Four different classifiers have been trained and tested in order to verify the possible effectiveness of an intelligent method applied to the prediction of the type primary reaching the atmosphere from a set of ideal measurements. These four methods are: Artificial Neural Network, Gradient Boosting—XGBoost, Support Vector Machines, and K-nearest neighbors. These techniques and the training process for each of them, are briefly described next. Finally, the computational framework carried out for a fair comparison the four methodologies is presented.

3.1.1. Artificial Neural Network

Deep Neural Network (DNN) with a Feedforward architecture was utilized. This type of model is nowadays the state of the art in many complex problems, specially in those with stochastic nature [26]. The capability of these type of models to deal with large data sets has been improved, thanks to stochastic optimization algorithms.

Regarding the architecture and topology of the network, a number of possibilities for number of layers and of unit per layer were assessed, in a random manner, in order to finally select the optimal network configuration. The selected learning and network architecture parameters were:

• Number of layers: configurations containing from 2 up to 7 hidden layers were considered. ReLu units were taken for the these [27]. For the output layer, softmax units (one per class) were used.
• Number of neurons: configurations containing from five up to 50 neurons per layer were considered for the hidden layers.
• Constant weight initialization to 0.025 (for the sake of reproducibility).
• Optimisation algorithm: Adam [28] with default parameters (after analysing the behaviour of higher and lower learning rate and beta values) and a maximum of 500 epochs. Batch size was set fixed to 256.
• Loss function: crossentropy for classification [29].

3.1.2. XGBoost

XGBoost (eXtreme Gradient Boosting) [30] is an efficient algorithm implementing a regularized version of Gradient Boosting algorithm. In summary, this type of learning algorithm, iteratively optimize a set of tree models, each learning the residual from the previously optimized set of models, in a gradient descent manner. XGBoost is a widely used implementation of gradient boosting, which has reached great rankings in many machine learning competitions, for instance, those proposed at Kaggle (Kaggle- Data Science Projects. https://www.kaggle.com/competitions).

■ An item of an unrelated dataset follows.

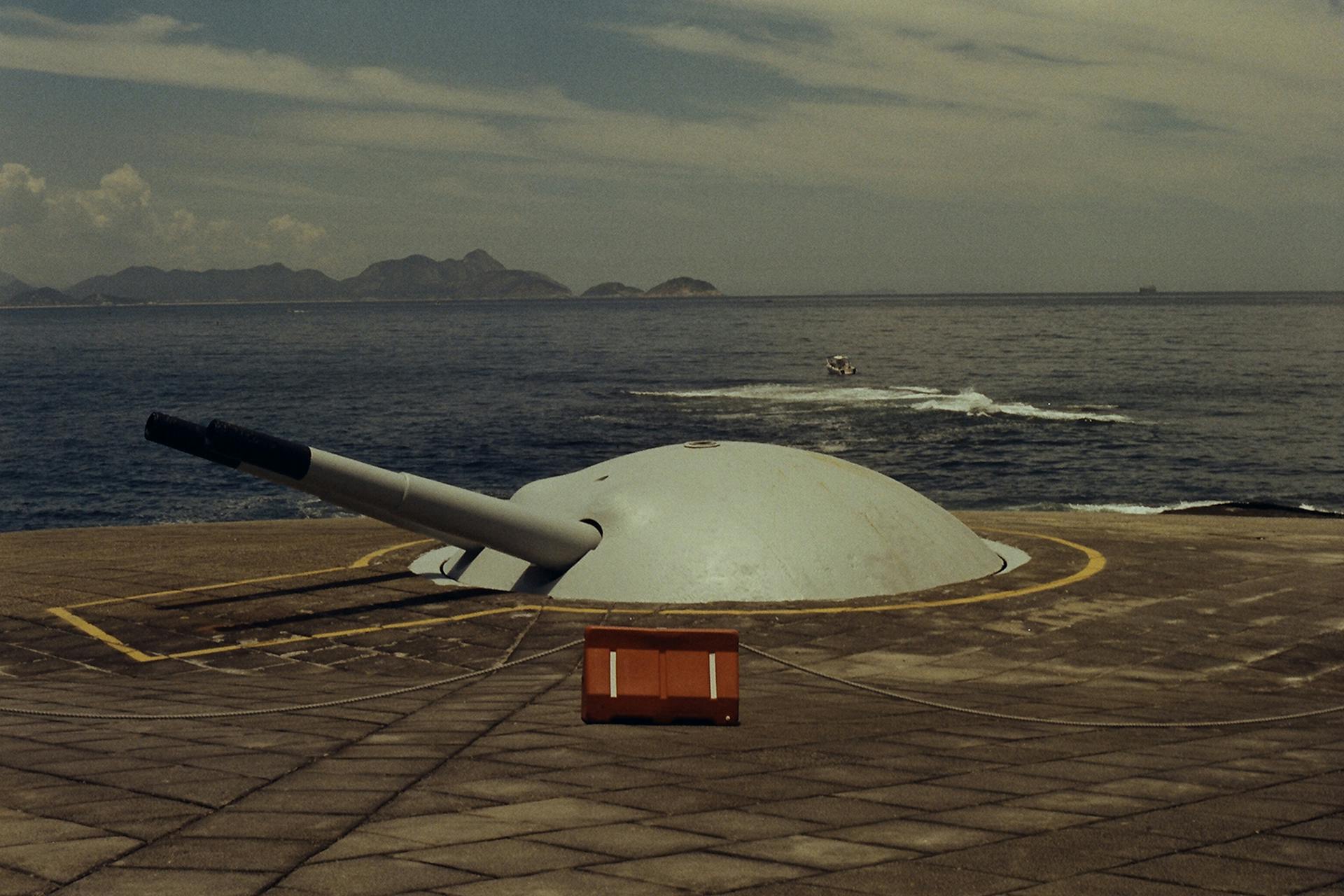 Gray and Brown Battle Tank on Body of Water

Python implementation of XGBoost (v.0.72) (XGBoost- Python library. https://xgboost.readthedocs.io/en/latest/python/index.html.) was used for the simulations. Hyperparameters optimized included were $maxdepth$ (varying from two to five) and $eta$ (varying from 0.05 to 1 in steps of 0.05); a fixed number of rounds for the training process was set to 150.

3.1.3. Support Vector Machines

SVMs have, for many years, been the the most frequently used classification paradigm in machine learning until the emergence of Deep Learning few years ago [31]. Binary SVM classification deals with the identification of the optimal largest margin classification hyper-plane in a dual space in order to separate the two classes involved. Multiclass classification in SVM is normally performed through the construction of k(k−1)/2 classifiers, being k the number of classes, each one training a separating hyper-plane for two different classes. Subsequently, a voting scheme is used to identify the class to which each pattern belongs. Among the kernel functions alternatives, Gaussian Radial Basis Function kernel has been chosen, as it has proven to offer a good asymptotic behavior [32]. The estimation of the hyper-parameters ($\sigma$ and $\gamma$) of the SVM was done using grid search and cross-validation.

3.1.4. K-Nearest Neighbors

K-Nearest Neighbors (KNN) is a simple and fast classification algorithm, nevertheless attaining comparable results to other more complex machine learning techniques in many real problems. It is based on the search of the (k) most similar samples of a new sample, and assigning the most frequent class among the neighbors to it. There is a number of distance or similarity measures for the identification of the neighborhood of a sample, although the Euclidean distance is the most used one to deal with continuous features. Grid-search was used over the training dataset in order to find an optimal value for $k\in [0,50]$.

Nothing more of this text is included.